Cinnamon Mueller Client Updates

 

FCC and Comcast Resolve Investigation into Improper Subscriber Charges; Comcast to Make $2.3 Million Settlement Payment to U.S. Treasury

On October 11, 2016, the FCC’s Enforcement Bureau released an Order announcing that it had entered into a Consent Decree with Comcast Corporation (“Comcast”), closing the Bureau’s investigation into whether Comcast had improperly charged its subscribers for services or equipment they never affirmatively requested.  This practice, known as “negative option billing,” is the cable equivalent of the more familiar practice of telecom carriers “cramming” unauthorized charges onto customer bills.

Under the terms of the Consent Decree, Comcast will adopt a five-year compliance plan that requires Comcast to obtain customers’ affirmative informed consent prior to charging them for new services or equipment, send customers an order confirmation separate from any other bill that describes newly added services and their charges, offers mechanisms to customers that enable them to block the addition of new services to their accounts, and implement a training program to ensure customer service personnel resolve customer complaints about unauthorized charges. 

Although Comcast disputed the Bureau’s interpretation of the rule, Comcast agreed to pay a civil penalty of $2,300,000 to the U.S. Treasury to resolve the investigation.  This is the largest civil penalty assessed from a cable operator by the FCC.

Background.  Section 623(f) of the Communications Act, which is mirrored by Section 76.981 of FCC regulations, prohibits negative option billing – the practice of charging cable subscribers for services or equipment that they did not affirmatively request.  Under the Commission’s rules, a subscriber’s mere failure to refuse a cable operator’s offer to provide new services or equipment does not satisfy the affirmative request requirement.  In applying those rules, the Commission has previously found that the negative option billing prohibition protects consumers from having to take on the burden of identifying and negatively responding to charges for services that appear on a bill for services that are not desired and for which no request has been made, as well as the inadvertent payment of those charges.  While the Commission has found that prohibitions on negative option billing do allow cable operators to make certain adjustments to subscribers’ services and rates, it has also stated that these adjustments may not constitute a fundamental change in the nature of an existing service.  Finally, the Commission has permitted cable operators to offer their customers beneficial upgrades and to expand system capacity when appropriately justified.

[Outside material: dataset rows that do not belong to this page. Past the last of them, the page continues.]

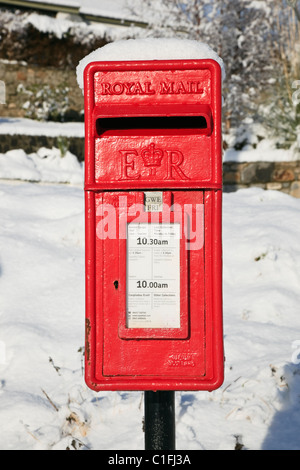 North Wales, UK, Großbritannien. Vorderansicht des einen traditionellen roten Briefkasten im Schnee Stockfoto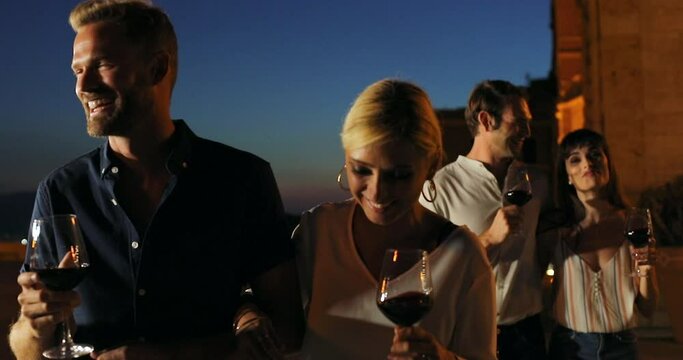 MS TS SELECTIVE FOCUS Four young people at party at terrace at night / Cagliari, Italy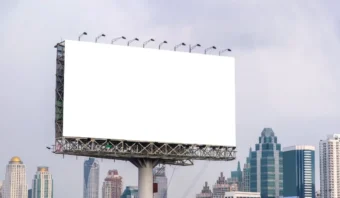 Un gran cartel blanco vacío se encuentra en un poste de metal sobre los edificios de la ciudad contra un cielo nublado, listo para mostrar anuncios creativos para captar la atención de los transeúntes.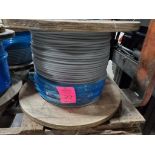 Roll of coated multi-strand steel cable.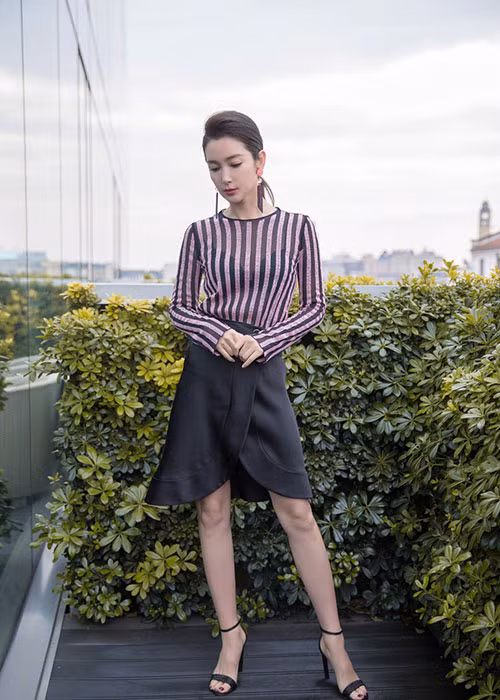 Tham gia sự kiện, nữ diễn viên diện set trang phục gồm áo kẻ sọc kết hợp với chân váy xẻ trước giống hệt bông hoa tulip. Ảnh: Sina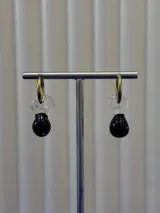 Aros de argolla dorada con dije colgante compuesto por una pieza de vidrio transparente en forma de espiral y una pieza de vidrio negro en forma de gota.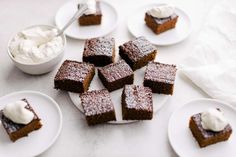 several pieces of brownie on plates with whipped cream in the bowl next to them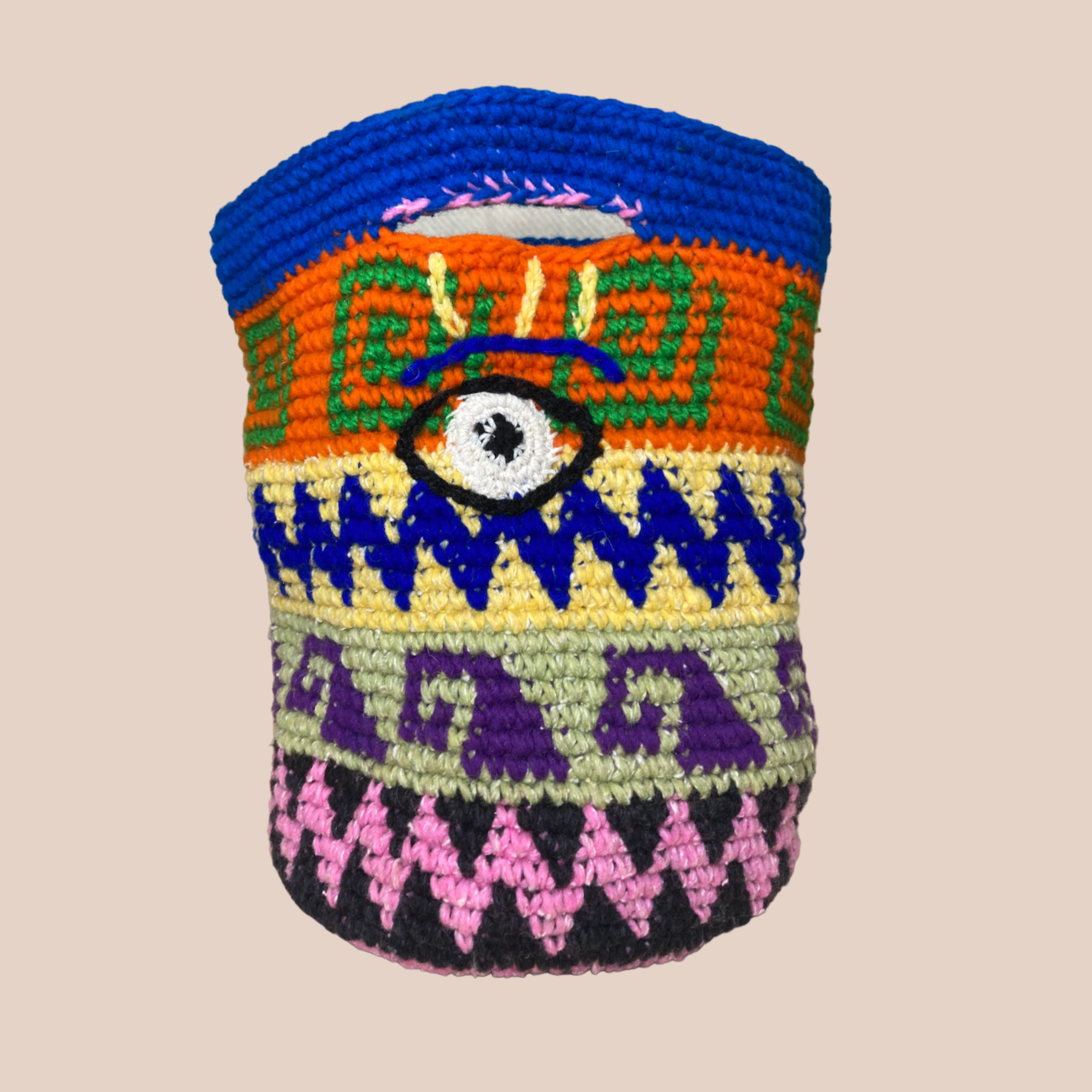  Image du sac motifs oeil de Maison Badigo, sac en laine crocheté multicolore unique et tendance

Investigation.  The Order indicates that the Commission received “numerous complaints” from consumers alleging that Comcast imposed charges for equipment and services that customers did not order.  The complaints ranged from issues with services or equipment being added to subscribers’ service without their knowledge or permission, or even after the subscribers specifically declined an offer by Comcast representatives to add the services and equipment, to issues with the customer service representatives to resolve billing problems and unmet promises by Comcast employees to apply credits or billing adjustments.  Significantly, the Order states that many of the complaints described multiple attempts by subscribers to obtain clarification or redress of billing issues “during hours-long and repeated phone calls; allege unhelpful or abusive behavior by customer service representatives (such as unexplained disconnections, refusal to transfer calls to supervisory personnel, threats of service interruptions, or assertions that customers bore the responsibility to know how much their bill ought to be); and allege repeated, unmet promises by Comcast employees to apply credits or billing adjustments.”

In December 2014, the Bureau launched an investigation of Comcast’s compliance with the negative option billing prohibition and other requirements under the Act and the Rules.  Comcast cooperated in the investigation and provided the Bureau additional examples of customer complaints.  In its defense, Comcast maintained that, in the vast majority of the instances where there were complaints, the charges were authorized and when it was notified of concerns, it took corrective action where appropriate such as removing items from bills and refunding customers.  Comcast indicated that it has a Customer account audit and reconciliation process to adjust for any errors with installed equipment and to ensure that customers paid only for the services and equipment they received.  According to Comcast, the process includes daily reviews of orders and technician receipts to ensure that the equipment matches the service that the customer ordered.  Comcast also maintained that the Negative Option Billing Laws are not per se prohibitions, but instead are targeted only at affirmatively deceptive conduct on the part of cable operators and Commission enforcement requires a demonstrated pattern of violation.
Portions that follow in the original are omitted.